> What to produce
Leave the pictures aside. Retype exactly the lines from the top of the data below through the one holding "Portrait of happy".

> Collected material

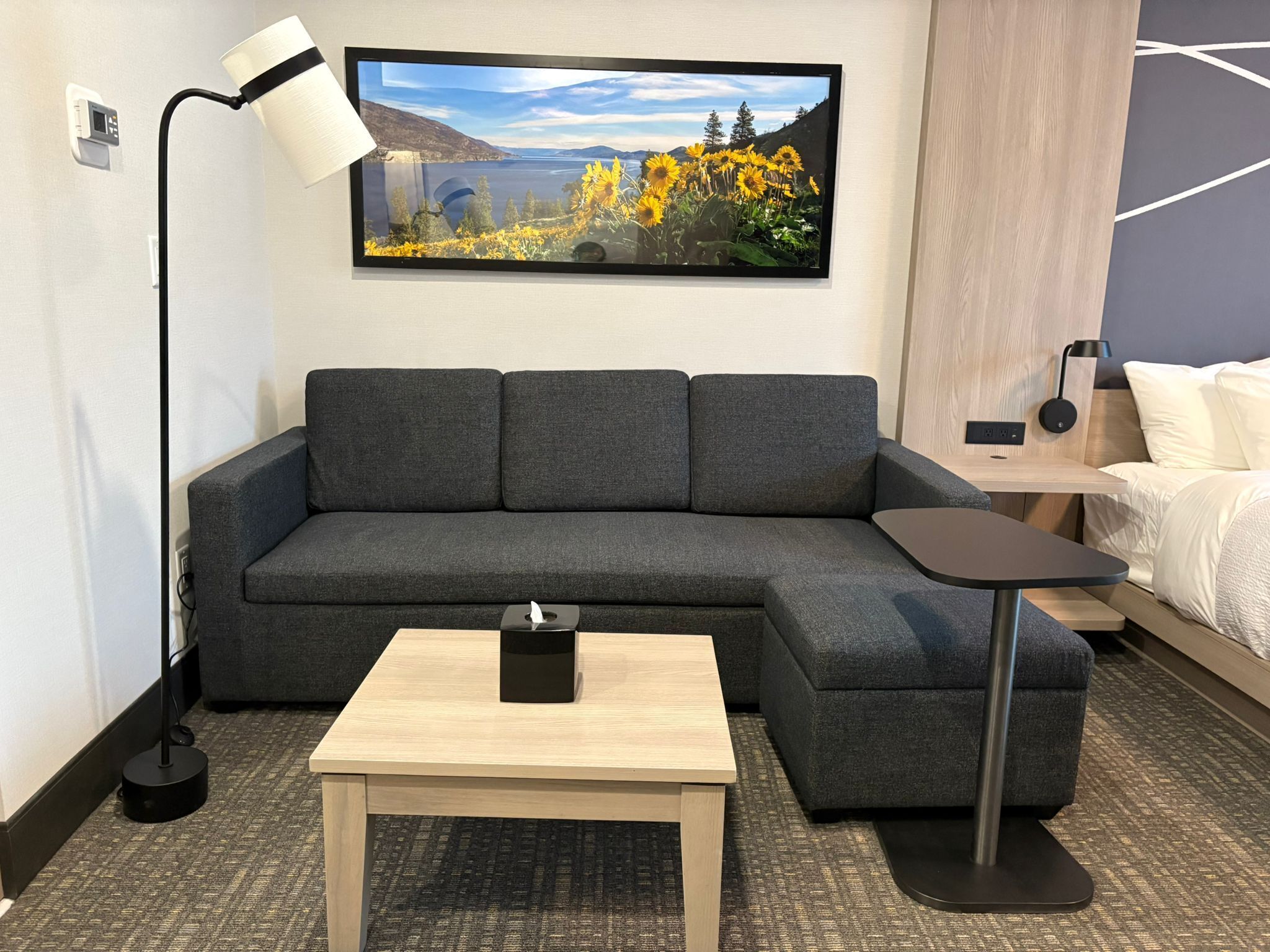 A modern hotel room with a gray sofa, a small wooden table, a bedside table, and a large TV mounted on the wall displaying a scenic landscape.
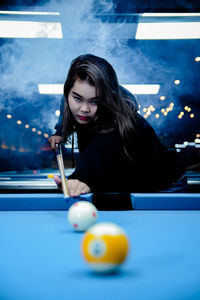 Young woman playing pool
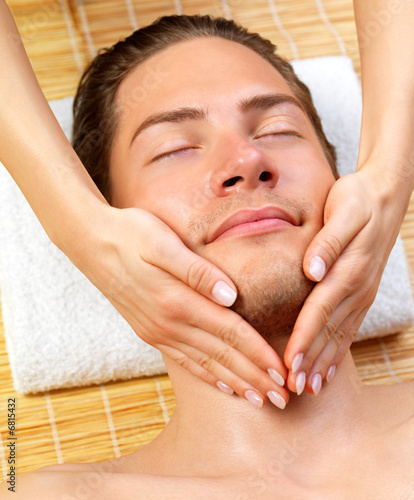 Portrait of happy man and hands giving face massage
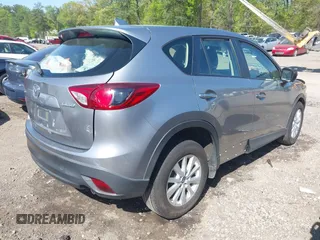 2013 Mazda CX-5 Sport z VIN JM3KE2BE9D0132928, wystawiony jako IAAI lot #41997589 z przebiegiem Nie podano mil oraz . Historia ofert i sprzedaży dostępna na DreamBid. Obrazek 4.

> Answer section
 A modern hotel room with a gray sofa, a small wooden table, a bedside table, and a large TV mounted on the wall displaying a scenic landscape.
 Young woman playing pool
 Portrait of happy man and hands giving face massage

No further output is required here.